• INFORMATION SHOWN:
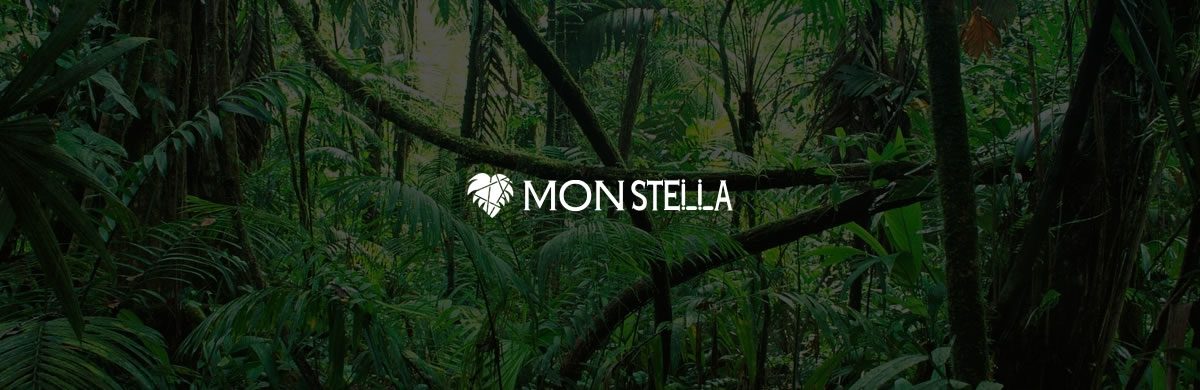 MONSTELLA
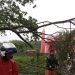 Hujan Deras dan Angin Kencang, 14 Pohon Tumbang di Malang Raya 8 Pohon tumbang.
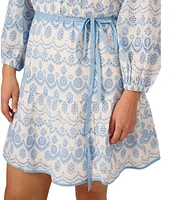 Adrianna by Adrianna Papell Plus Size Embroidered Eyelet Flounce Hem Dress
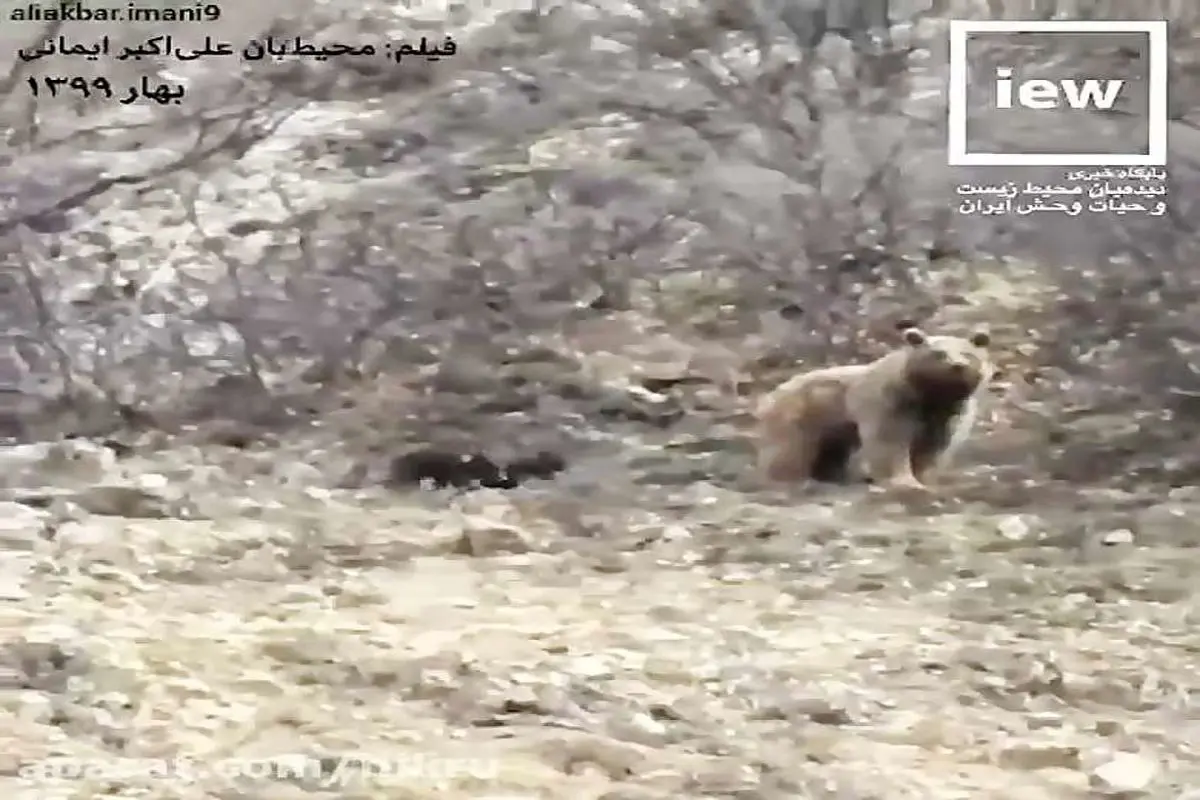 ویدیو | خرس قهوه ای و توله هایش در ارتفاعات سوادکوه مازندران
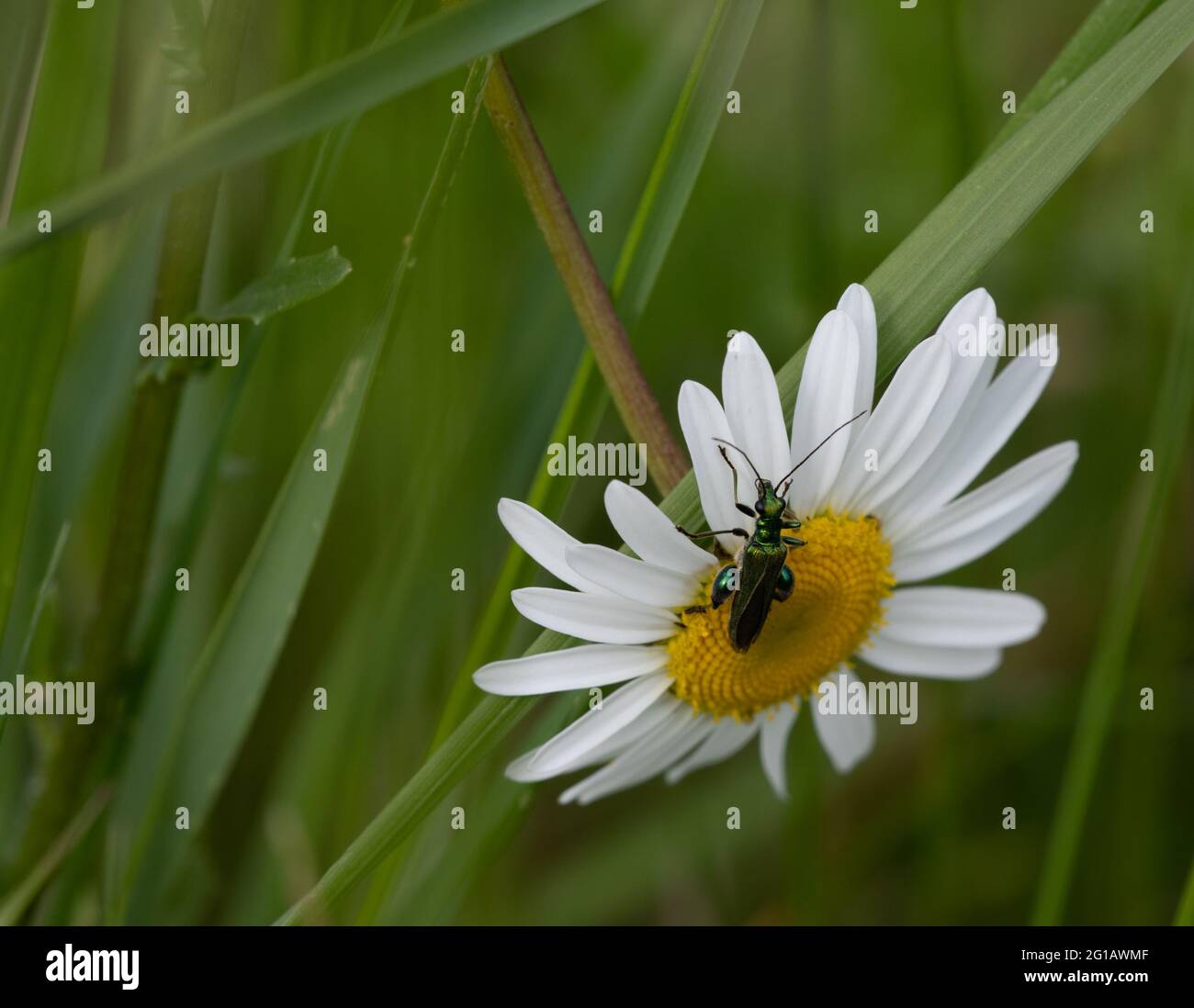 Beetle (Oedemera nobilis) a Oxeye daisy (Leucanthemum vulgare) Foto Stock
--
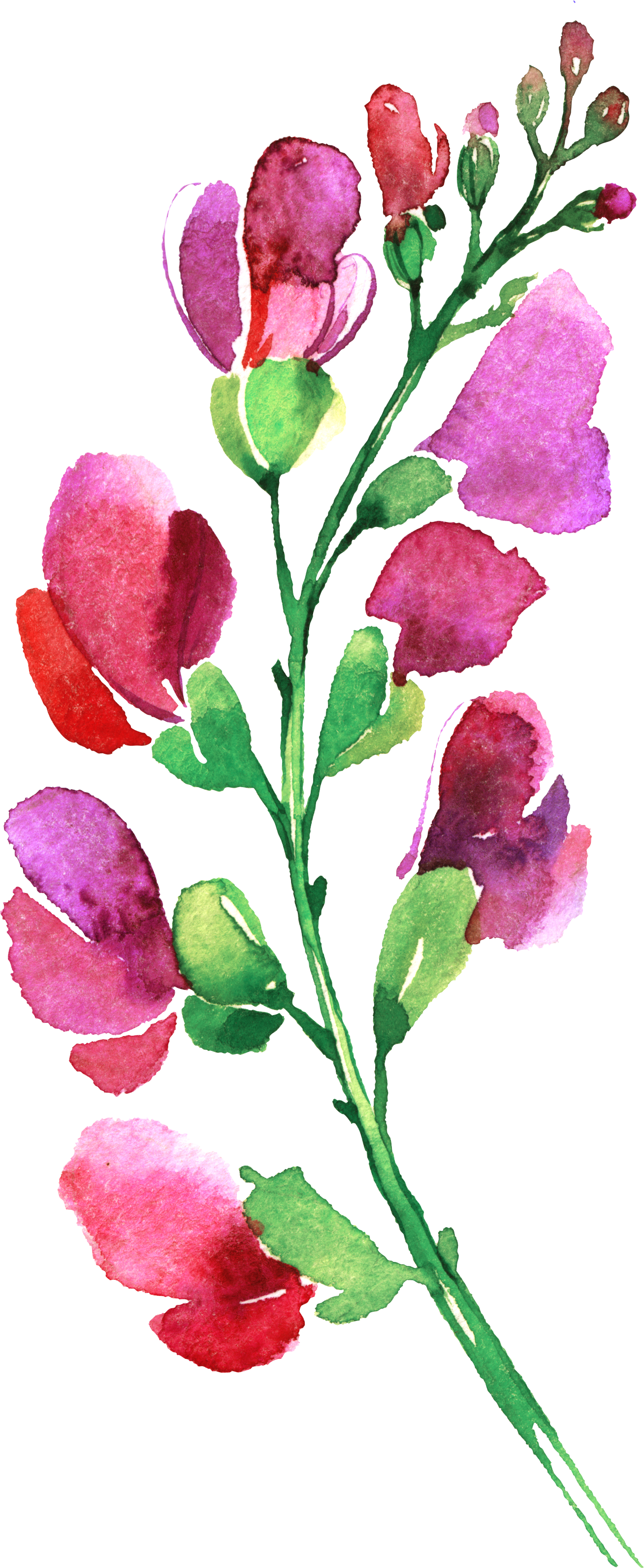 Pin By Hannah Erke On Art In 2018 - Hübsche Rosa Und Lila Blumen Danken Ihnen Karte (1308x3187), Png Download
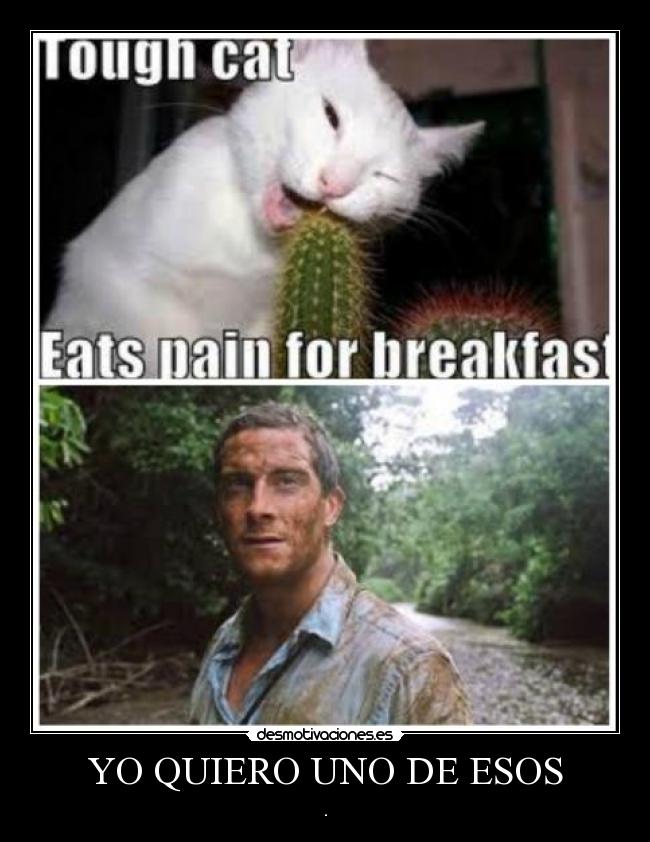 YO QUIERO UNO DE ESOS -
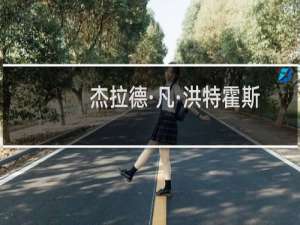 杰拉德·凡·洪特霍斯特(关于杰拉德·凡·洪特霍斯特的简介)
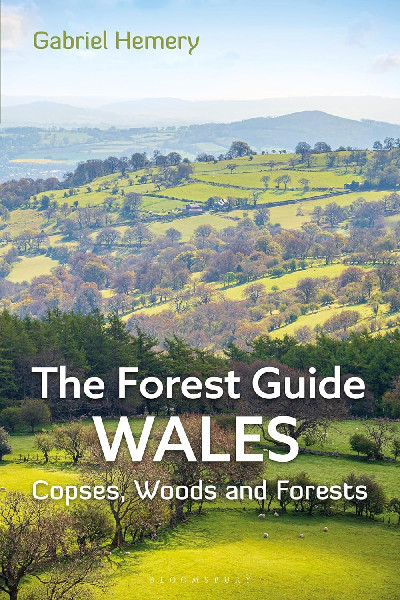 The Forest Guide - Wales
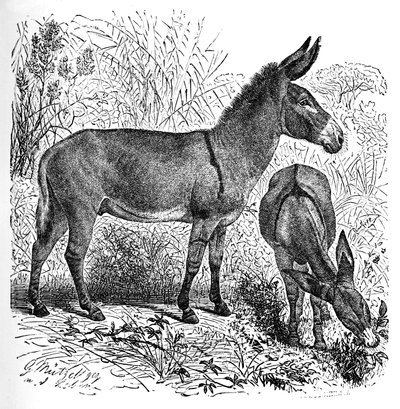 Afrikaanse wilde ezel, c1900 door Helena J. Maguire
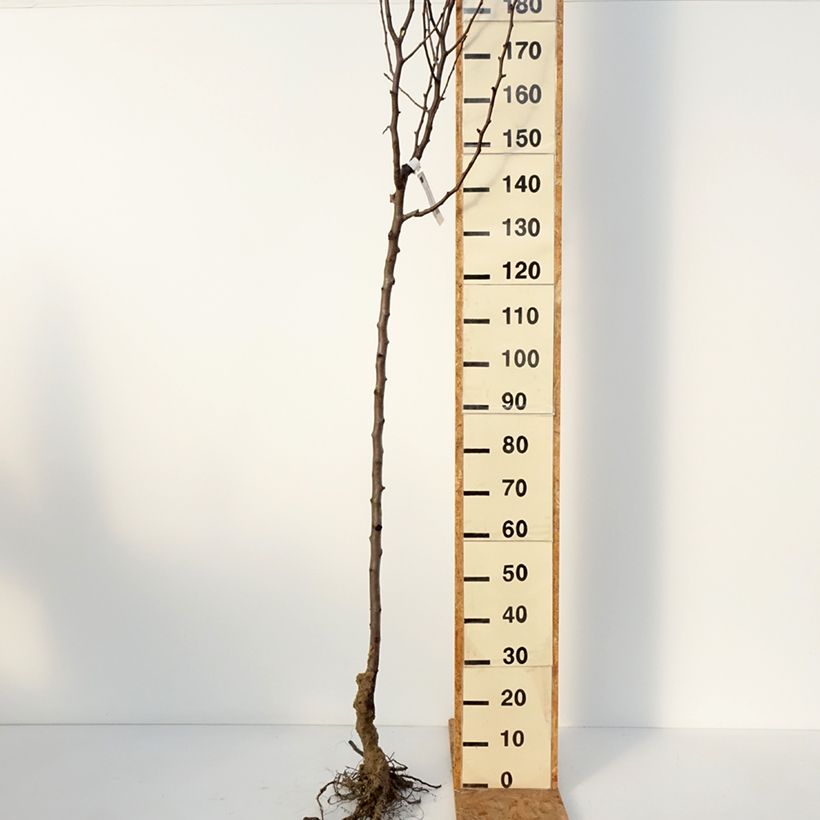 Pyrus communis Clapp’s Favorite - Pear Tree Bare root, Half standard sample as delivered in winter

• PROBLEM STATEMENT:
Set down again, word for word, every line from the one with "Hujan Deras dan" to the one with "ویدیو | خرس" in the entries above, and omit the pictures.

• TASK SOLUTION:
 Hujan Deras dan Angin Kencang, 14 Pohon Tumbang di Malang Raya 8 Pohon tumbang.
 Adrianna by Adrianna Papell Plus Size Embroidered Eyelet Flounce Hem Dress
 ویدیو | خرس قهوه ای و توله هایش در ارتفاعات سوادکوه مازندران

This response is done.